Whether you work in a big company or a startup, you can put effort in doing research. You can do it even yourself. All of us should join together and put an end to the myth suggesting that UX Designers aren’t able to carry out research!
The end goal is to add value to the process by cutting down the number of times we develop a product, service, or feature that won’t be used. It’s about saving time, money, and being sure that everything released to the market will have a real impact on business.
3. Dive Into User Testing and Iterate on Design Solutions
Test designs as many times as you need. It doesn’t matter if the team thinks your designs are great and you are doing a great job, what really matters is what users need and the desired outcome. How innovative you think your designs are is meaningless if they are not driving change or facilitating decision-making.
“If you want a great site, you’ve got to test.” – Steve Krug
Whenever possible, test wireframes, not final designs. By doing so you will speed up the process of testing and your life will be made easier. Just think about it: after testing, you will likely have to make changes on the design screens, so the fewer elements in the interface, the quicker you will be able to make those changes.
Lastly, think about the outcome of the test. What are you trying to find out? If you can’t answer this question maybe you shouldn’t do the test at all, at least in the way you have planned it.
4. Get Used to Measuring UX
There’s no sense in making deliverables just for the sake of it. Instead, you should be creating things which add value, so you need metrics and KPIs (key performance indicators) in order to be able to measure the UX value.
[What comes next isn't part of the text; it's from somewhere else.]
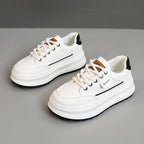 Damen modische Chunky Sneaker mit hochgezogenem Sohlenprofil und atmungsaktiver Obermaterialstruktur R&B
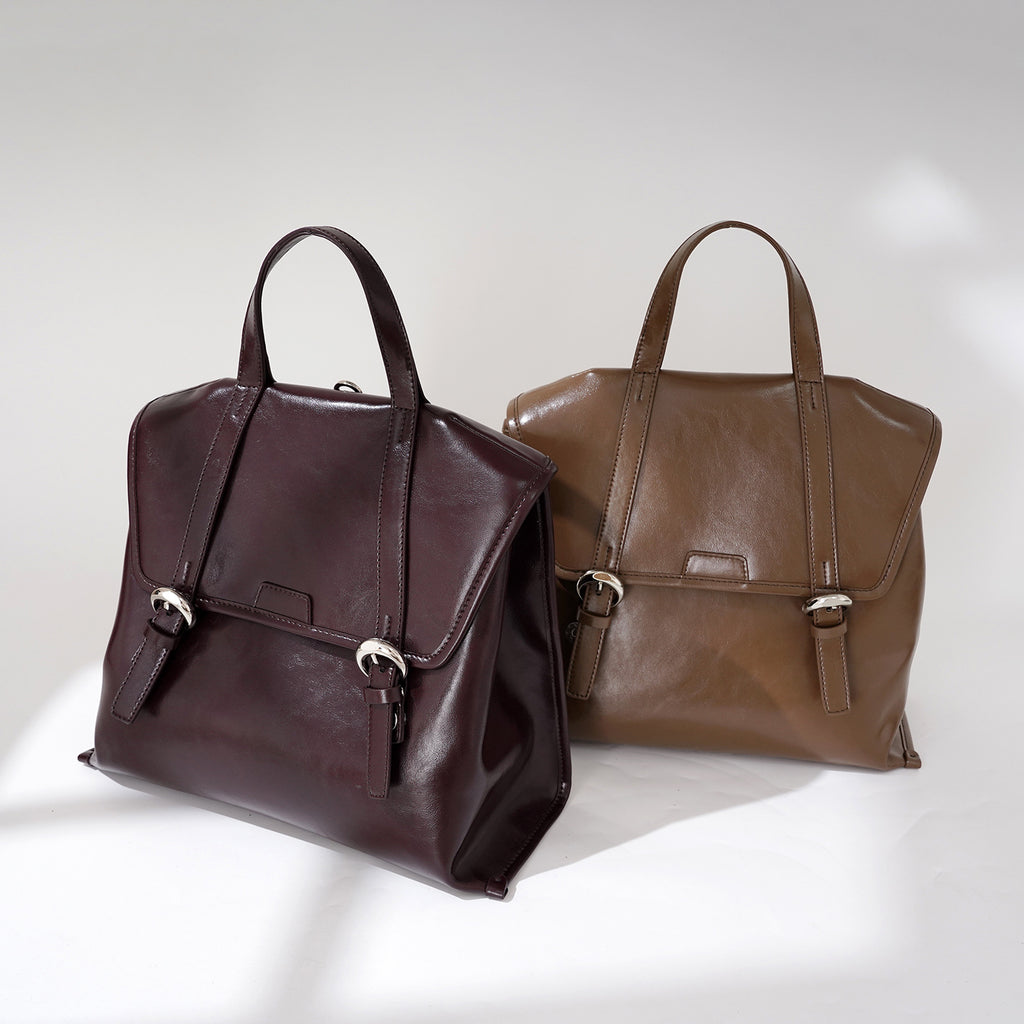 Niche Design Leather Backpack - High-end Fashionable Cowhide Bag Women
Think about the following:
- How will you measure the success of the project/feature? How will you translate that success into metrics?
- Are the users able to accomplish their goals?
- Do users perceive your product as easy and handy?
- Would users be willing to recommend the product to a friend?
By setting metrics and getting data, the communication between developers and product people will become simpler and clearer.
5. Learn to Get a Seat at the Table
I had once a situation with a product manager. He enjoyed showing to the product and development team that he knew more about the users and their needs and problems than the UX team.
This happened mainly because he was at the first meetings with the company. He had the business context and had met some users. That product manager thought he knew every single feature and requirement necessary for the success of the product.
He told me what elements of design were needed in the interface and how the user flow should be. We had some “heated discussions” in the following days. Whilst working on the design screens I realised what I was doing was nonsense. I had no idea where to place the elements or how to design the navigation. I had so many unanswered questions…
It’s never worthwhile to work in this way. I needed to face the problem, so from that moment I challenged every single assumption he made and asked that he validate it. The situation become better and better over time. Challenge and question as much as is needed.
6. Stand out by Learning a Cutting-Edge Technology
Learn by doing. Do you remember the time when your manager told you to design a mobile interface and you’d never done one before? You took a look at the Google and Apple Design Guidelines, browsed some mobile patterns websites… But as you know, it takes time to become an expert in any field, and you need to get a deep understanding of any technology to really excel at it.
As UX Designers we work in a changeable environment and we always have to keep up-to-date. It’s a lot of pressure. Start learning as soon as you can and take it slowly, don’t rush. You can work on cutting-edge tech projects even if you don’t work in a big company. Don’t limit yourself even if others do. Think of a collaboration with one of your dev colleagues. Most of them are always on the lookout for a designer to help them craft their ideas.
7. Get Started with Conversational Design and Voice UI
Think of the huge amount of new user scenarios that come with the rise of smart home devices such as Google Home or Amazon Alexa. The potential user interactions are endless since users have the freedom of giving any voice command at any time.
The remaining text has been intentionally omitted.